A.M Best Company analyses the credit ratings of companies within the insurance industry and has been keeping a close eye on the effect of the debt crisis on European insurers in particular.
By stress-testing the balance sheets of insurers against factors such as their corporate bonds, equities and exposure to the debt crisis, A.M Best Co is able to evaluate investment risk exposure and assess financial strength and creditworthiness.
A.M Best performed such tests in 2011 and placed many insurers under review with a negative outlook. Since then, the company has continued to closely analyse European insurers and reviews have been re-examined but results still appear to reflect the current unstable climate.
Italy has been hit particularly hard by the debt crisis and Italian insurance giants Generali have been greatly exposed to the unstable markets as a result.
A.M Best has noted that whilst Generali (and other European insurers) are still showing strengths and are deserving of their current ratings, the instability of the European situation can still only allow for them to be placed with a negative outlook.
The solvency of the European banks offer significant risks to the insurance sector and with the now very real prospect of a Greek exit from the eurozone, which would in turn have a domino effect on the peripheral countries, the chances of the situation improving any time are slim, to say the least.

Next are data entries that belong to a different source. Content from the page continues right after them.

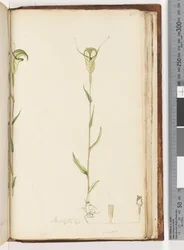 Sida 215. Pterostylis op / viridis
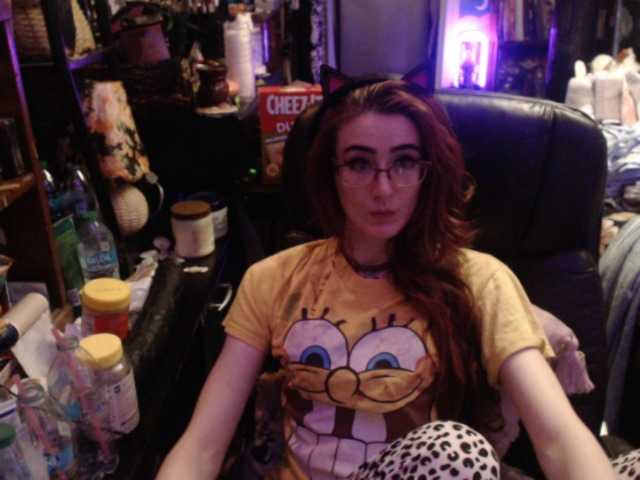 pussyxpaladin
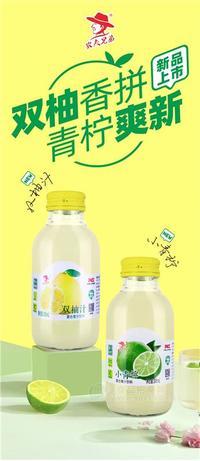 農(nóng)夫兄弟雙柚汁復合果汁飲料300ml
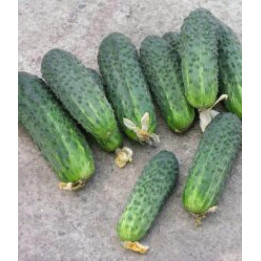 СОЛНЕЧНЫЙ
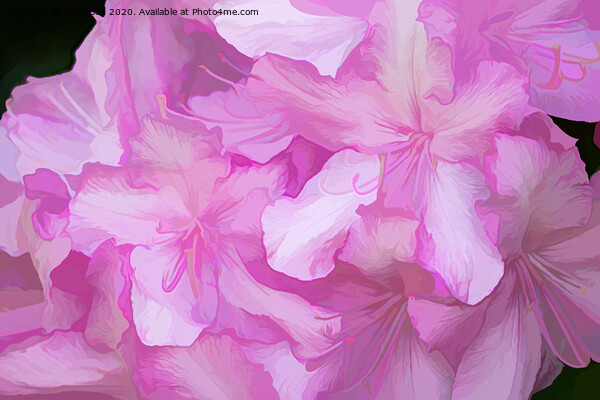 Acrylic Pink Rhododendrons Picture Board by Lynn Bolt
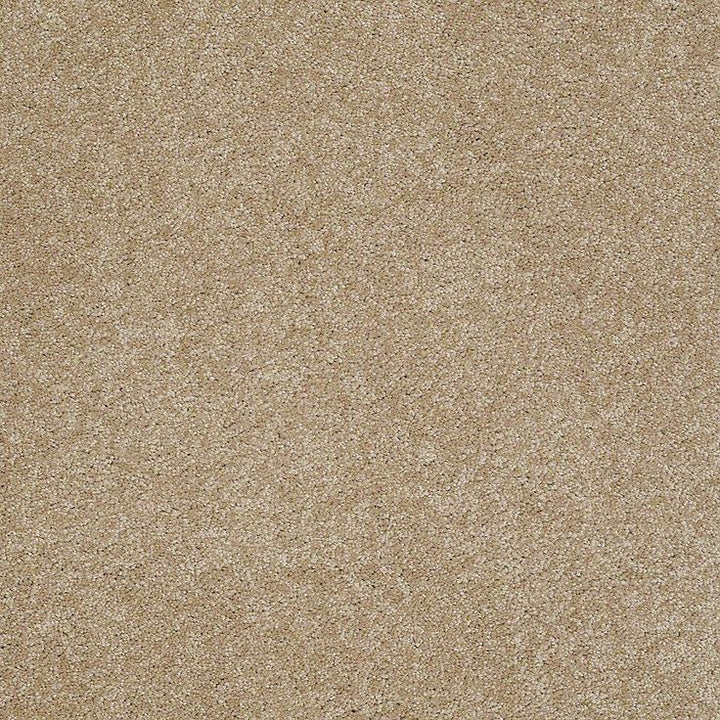 STAINMASTER PetProtect Baxter I Boxer Textured Carpet (Indoor)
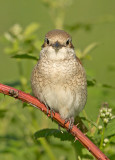 Grauwe Klauwier frontal
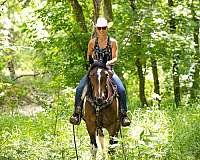 athletic-paint-horse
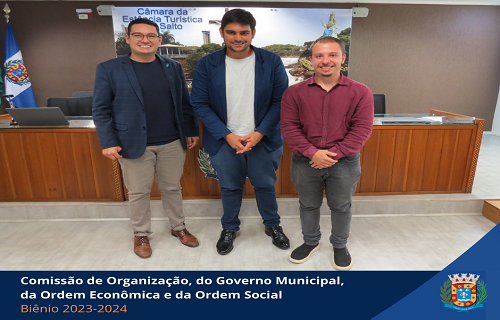 comissao organização 2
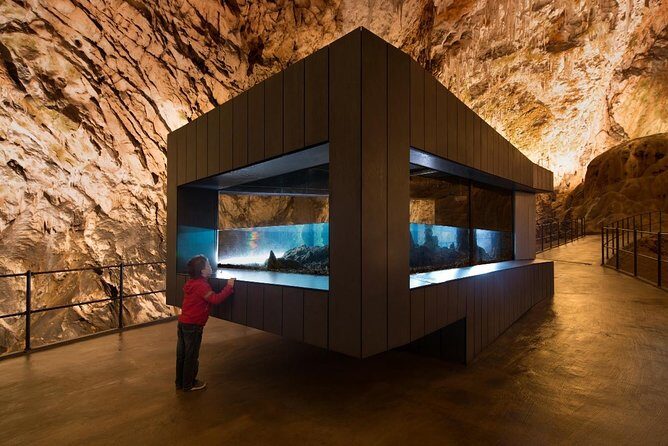 Private Tour from Zagreb: Ljubljana, Postojna & Predjama Castle - Final Thoughts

With such a bleak future for Europe, it is expected that further rating actions could take place in the upcoming months and it is unlikely that these will be moving upward in a positive direction any time soon.
Financial markets do not normally take a 'wait and see' approach and as a working solution to Europe's debt crisis is still yet to surface, A.M Best expects to witness further instability in European markets and the financial institutions involved within them.